Finally 10 years after  Orhan Pamuk, Turkish Nobel Laureate  started writing the story of Kemal and Füsun, the museum, which bears the same name as the book, opened. Right after its opening, a symposium focusing on  the book, the museum and the interaction between the museum and the book was held at Mimar Sinan University, Fine Arts Academy. The symposium  hosted the contributors to the project, who shared their experience and the process itself with us. Also, as would be expected, writers, academics including historians and psychiatrists dissected the characters and the venues that the story takes place into pieces. Too much analysis,  and  too many theories, I believe, spoil all the pleasure one could get from the world of fiction. So the artists were there with the heart -and teethy smiles- and the writers with the mind.  As the last guest, Orhan Pamuk introduced his museum and the museum catalogue he recently released, which is far from  an ordinary museum  catalogue- I would call it a book in its own right actually. He was unable to disguise how excited he was. A child-like joy colored his face while he was talking about how the project proceeded. And anger when he was asked lousy questions. It is touching to witness people pursuing their passion so fiercely.

 

A book with fictional characters, a museum- a house, where these fictional characters ‘supposedly’ lived once upon a time and a museum catalogue, which offers more insight into the life of our fictional characters through their belongings displayed in 83 cabinets. What is next?

 

THE WRITER AS AN ARTIST
When you realize how much they have attended to tiny details, and get to see the whole picture, there emerges an artist right in front of you. An artist of the 21st century. An artist that balances the word with the image. You cannot help but appreciate the enormous effort that went into the project. During the symposium, I recalled another Turkish artist, Balkan Naci Islimyeli. A great Turkish artist, who I had the honour to work with for two years, during when I learnt what it means to be a true artist. Someone who is not confined by any genres. Someone who could create with anything at hand. Someone who dares when others fall silent. So I watched him telling us how his project came alive. Whether he was rearranging the lipstick traces on over 400 cigarette butts, or  experimenting with the music in the installments or  designing the earrings of his fictional character, Füsun, no matter what, he is an artist in his own right.  From the book to the museum, and then to the catalogue you wander in Pamuk’s mind only to be ever more dazzled by the world he unveils. A book with fictional characters, a museum- a house, where these fictional characters ‘supposedly’ lived once upon a time and a museum catalogue, which offers more insight into the life of our fictional characters through their belongings displayed in 83 cabinets. What is next?

 

THE MUSEUM OF INNOCENCE: THE BOOK & THE MUSEUM
The museum, dedicated to the love of his fictional characters, Kemal and Füsun of his book called the Museum of Innocence, actually serves as a contemporary Istanbul Museum, which the city lacks though standing still for more than 2,500 years. The characters flee  the fictional sphere and with the three-story house and all their belongings came alive and carve a place for themselves in the real world.
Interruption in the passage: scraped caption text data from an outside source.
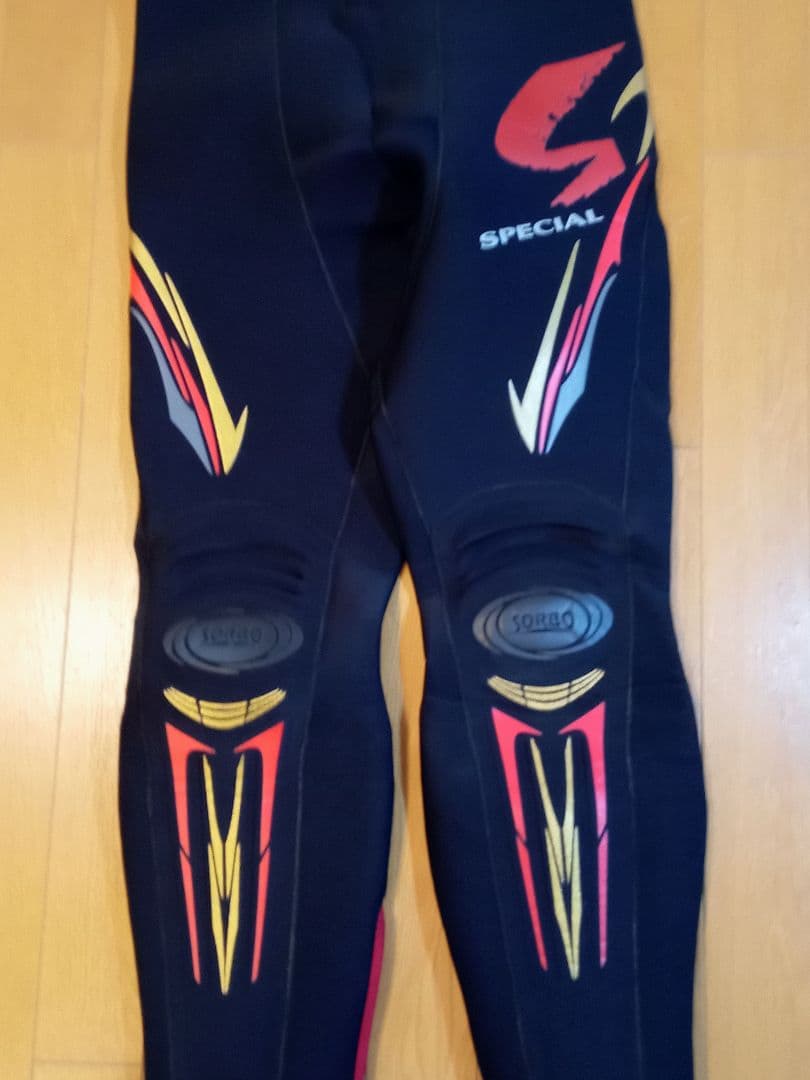 超美品　ダイワスペシャルドライタイツ SP-4009DR LA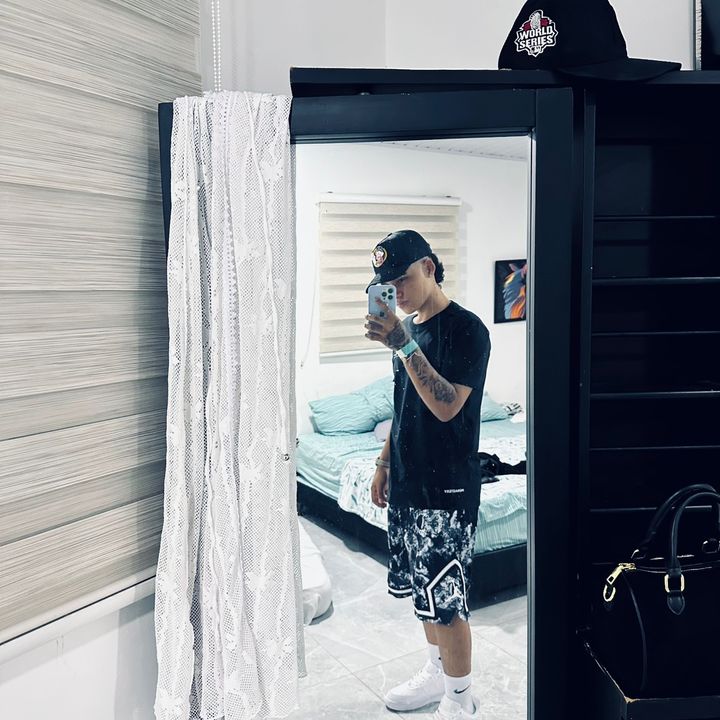 Profile Picture of Ell Floyd (@ell.floyd) on Tiktok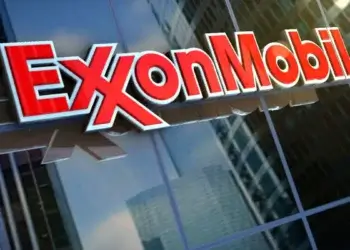 Exxon Beats Profit Estimates, Eyes M&A Amid Price Dip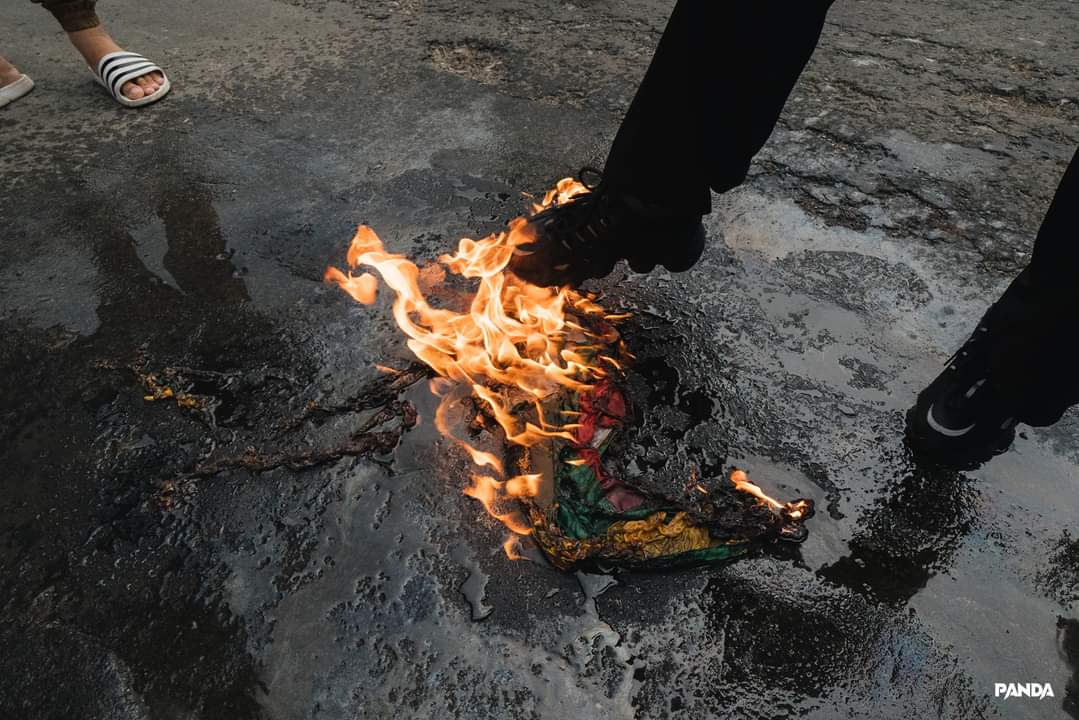 sggrvlyouth's tweet photo. Tw//Fire
    We, the #Mandalay-based university student unions, have never recognized the red and green slaves flag, which was previously known as the national flag, along with the military slavery constitution. 

#WhatsHappeningInMyanmar https://t.co/4mYTRtCaZC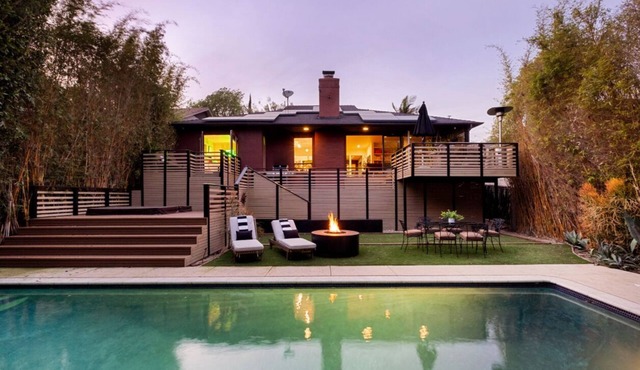 Luxe Getaway Stylish Oasis by Griffith Park with a large private swimming pool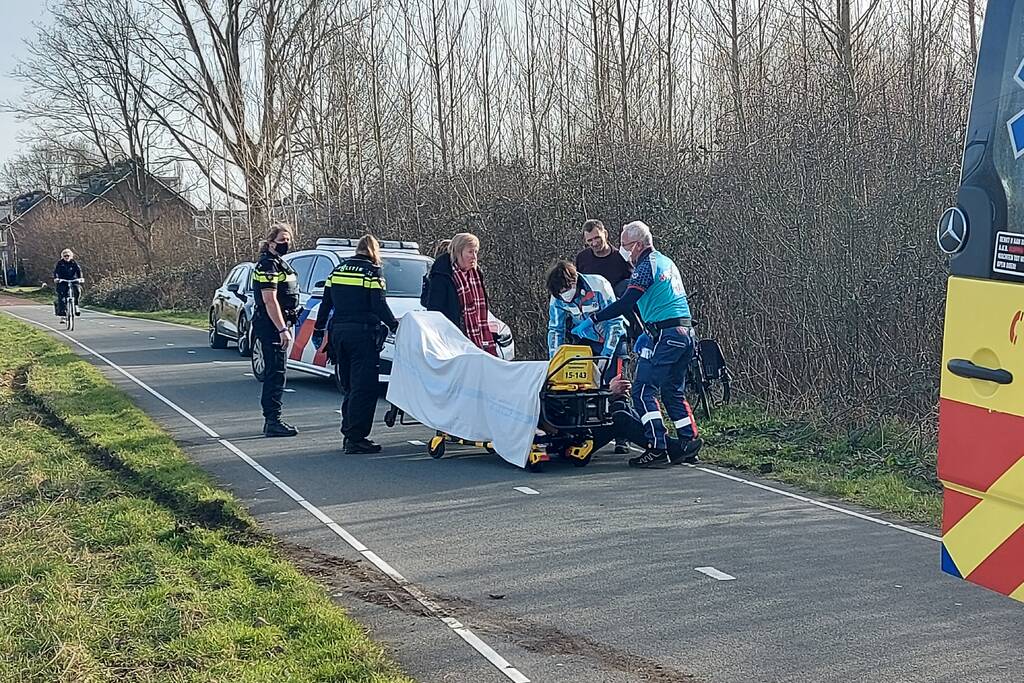 Persoon gewond na val met fiets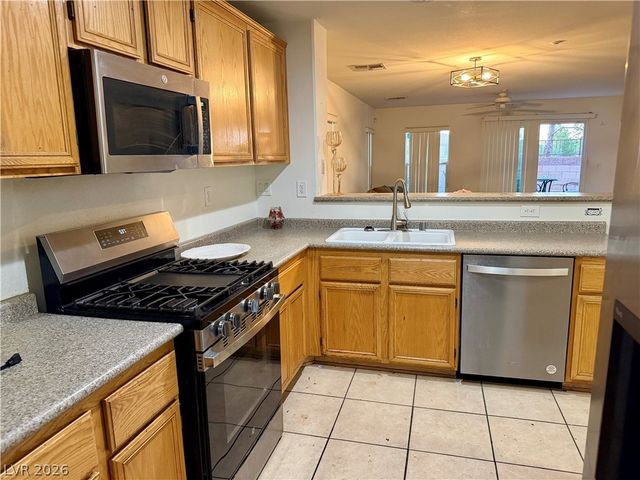 1150 Paradise Desert Avenue, Henderson, NV 89002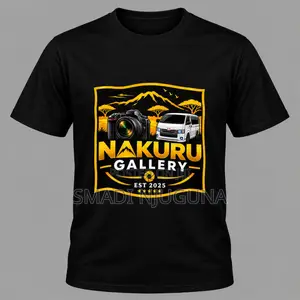 T-Shirt Black and White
The boy and the girl meets in my neighborhood in the year I was born. He lives just a few hundred meters from where I live. When I have a look at the collection in the museum, the silverware used for the meals, the hot water bottle, the pictures of the neighborhood in the late 70s, pots used for cooking, matchboxes or whatever you name it, my mind says “They must have lived here among us. They cannot be fictional.” This is the strength and the magic of post-modernism; there is no clear-cut line between the reality and the fictional. Welcome to the world of Pamuk!  Before you visit the museum, try to find the time to read the book, which I would call it a tribute to Marquez’s Love in the Time of Cholera. Kemal reminds me so much of Florentino whereas Füsun of Fermina in Marquez’ book. Füsun is so silent, so invisible and so evasive though Kemal is so possessed with him.

 

A good insight into Turkish mentality on love, sex, and honour; social classes; westernization process of the Republic; the concept of museum as a way of collecting, categorizing and displaying objects.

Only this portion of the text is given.